When JITing JavaScript, every single fundamental operation has profiling. Adding stuff has multiple bits of profiling. Every field access. Every array access. Like, basically everything, including also callsites. And without that profiling, the JS JIT can't do squat, so it depends entirely on that profiling. So the randomness due to profiling has a much more extreme effect on what the compiler can even do.
This is true for servers but extremely not true for client-side GUI applications and web apps. Often, the entire process of [ user starts app > user performs a few tasks > user exits app ] can be done in a second. Often, the JIT never has a chance to warm up.
In such case you need "binary" benchmark: does user need to wait or not? You don't need some fancy graphics, percentiles, etc.
And in such case your worse enemy is not JIT but variance of user's hardware, from old Atom netbook to high-end working station with tens of 5Ghz cores. Same for RAM and screen size.
- running the benchmark in thin slices, interspersed and suffled, rather than in one big batch per item (which also avoids having one scenario penalized by transient noise)
- displaying a graphs that show possible multi-modal distributions when the JIT gets in the way
- varying the lengths of the thin slices between run to work around the poor timer resolution in browsers
- assigning the results of the benchmark to a global (or a variable in the parent scope as it is in the WEB demo below) avoid dead code elimination
This isn't a panacea, but it is better than the existing solutions AFA I'm aware.
There are still issues because, sometimes, even if the task order is shuffled for each slice, the literal source order can influence how/if a bit of code is compiled, resulting in unreliable results. The "thin slice" approach can also dilute the GC runtime between scenarios if the amount of garbage isn't identical between scenarios.
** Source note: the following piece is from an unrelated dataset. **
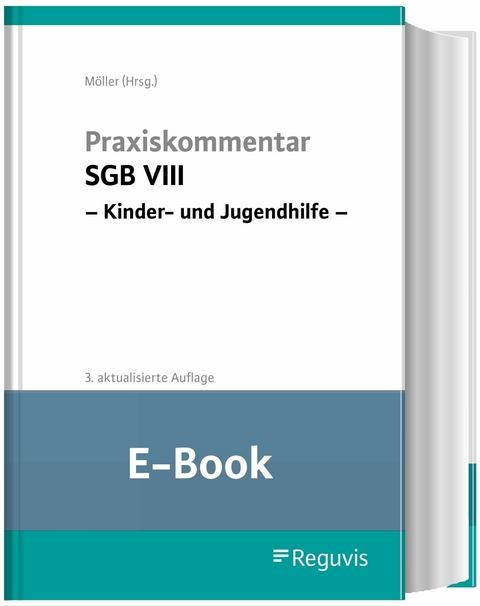 Praxiskommentar SGB VIII - Kinder- und Jugendhilfe (E-Book) -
I think it is, however, a step in the right direction.
- CLI runner for NODE: https://github.com/pygy/bunchmark.js/tree/main/packages/cli
- WIP WEB UI: https://flems.io/https://gist.github.com/pygy/3de7a5193989e0...
In both case, if you've used JSPerf you should feel right at home in the WEB UI. The CLI UI is meant to replicate the WEB UI as close as possible (see the example file).
You can have some function that iterates over something and benchmark two different implementations and draw conclusions that one is better than the other.
Then, in real world, when it's in the context of some other code, you just can't draw conclusions because different engines will optimize the very same paths differently in different contexts.
Also, your micro benchmark may tell you that A is faster than B...when it's a hot function that has been optimized due to being used frequently. But then you find that B which is used only few times and doesn't get optimized will run faster by default.
It is really not easy nor obvious to benchmark different implementations. Let alone the fact that you have differences across engines, browsers, devices and OSs (which will use different OS calls and compiler behaviors).
Dead code elimination is the most obvious way this happens, but you can also have issues where you give the branch predictor "help", or you can use a different number of implementations of a method so you get different inlining behavior (this can make a benchmark better or worse than reality), and many others.
As for runtime, if you're creating a library, you probably care at least a little bit about alternate runtimes, though you may well just target node/V8 (on the JVM, I've done limited benchmarking on runtimes other than HotSpot, though if any of my projects get more traction, I'd anticipate needing to do more).
You might get there eventually but a lot of people don’t persevere where perf is concerned. They give up early which leaves either a lot of perf on the table or room for peers to show them up.
Not knowing what performance to expect is what allows you to build a website and expect it to run properly years later, on browsers that haven’t been released yet, running on future mobile phones that use chips that haven’t been designed yet, over a half-working WiFi connection in some cafe somewhere.
Being ignorant of performance is what allows you to create Docker images that work on random servers in arbitrary datacenters, at the same time that perfect strangers are running their jobs and arbitrarily changing what hardware is available for your code to use.
It’s also what allows you to depend on a zillion packages written by others and available for free, and upgrade those packages without things horribly breaking due to performance differences, at least most of the time.
If you want fixed performance, you have to deploy on fixed, dedicated hardware, like video game consoles or embedded devices, and test on the same hardware that you’ll use in production. And then you drastically limit your audience. It’s sometimes useful, but it’s not what the web is about.
But faster is better than slower, so we try anyway. Understanding the performance of portable code is a messy business because it’s mostly not the code, it’s our assumptions about the environment.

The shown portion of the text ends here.